Voice mail dari Putri masuk beberapa kali, Isya tidak tega membiarkanya. Tapi Isyana memaksa diri mematikan ponselnya. Heranya Isyana sendiri yang tidak tahan, rasanya sakit


Entan karena Isyana sendiri yang merasa sudah nyaman dengan panggilan Mommy yang Putri berikan, ada rasa berharap lebih dari sandiwara dan takut sakit jika kenyataan di depan tak sesuai kenyataan, atau sakit membayangkan Putri kesal. Isyana tidak tahu.


Yang pasti Isyana gamang sendiri. Isyana jadi galau sendiri. Tidak bisa dijelaskan itu rasa apa namanya.


"Teteh nggak ada kuliah?" tanya Dina ke Isyana.


Isyana duduk termenung memandangi tanaman yang baru beberapa hari dia tanam.

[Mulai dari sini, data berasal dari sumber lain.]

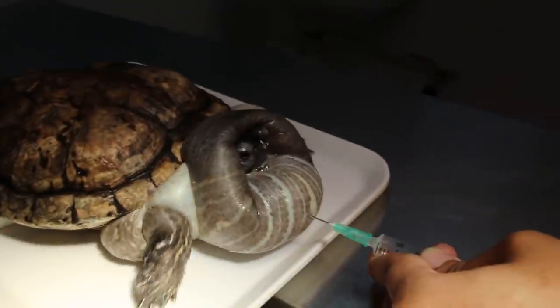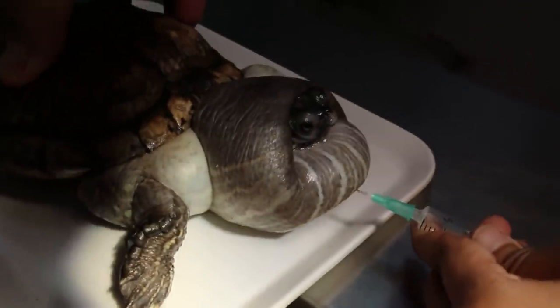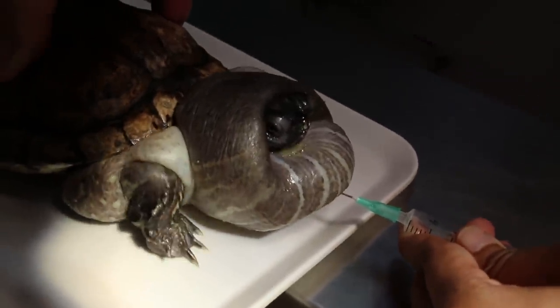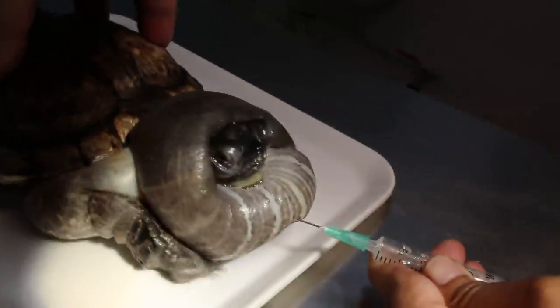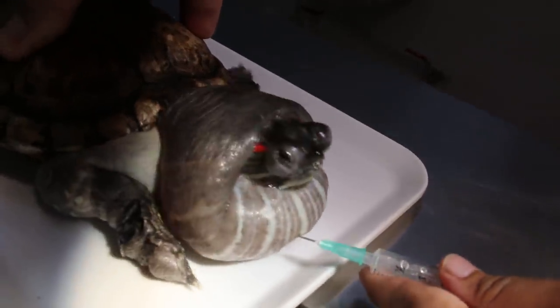So once we aspirate the fluid, it will feel better. A bit is coming out now. It's more to the ventral side.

Belum rimbun, beberapa daun ada yang layu, tapi banyak juga yang bertahan malah seperti mau timbul kuncup.


"Ada," jawab Isyana lemah.


"Nggak siap- siap?" tanya Dina lagi.


"Iyah sebentar lagi!" jawab Isyana.


"Kamu kenapa to Neng?" tanya Nenek sembari menata sarapan.


"Nggak apa- apa Nek!" jawab Isyana bohong.


"Bohong!" sahut Dina seperti biasa langsung ceplas ceplos.


"Apa sih?" gerutu Isyana manyun.


"Teteh jadi periksa di antar mantan suami Teteh?" tanya Dina lagi sangat posesif ke kakak angkatnya itu.


Isyana diam tidak berespon.


"Jadi nggak?" tanya Dina tidak sabar dan emosi.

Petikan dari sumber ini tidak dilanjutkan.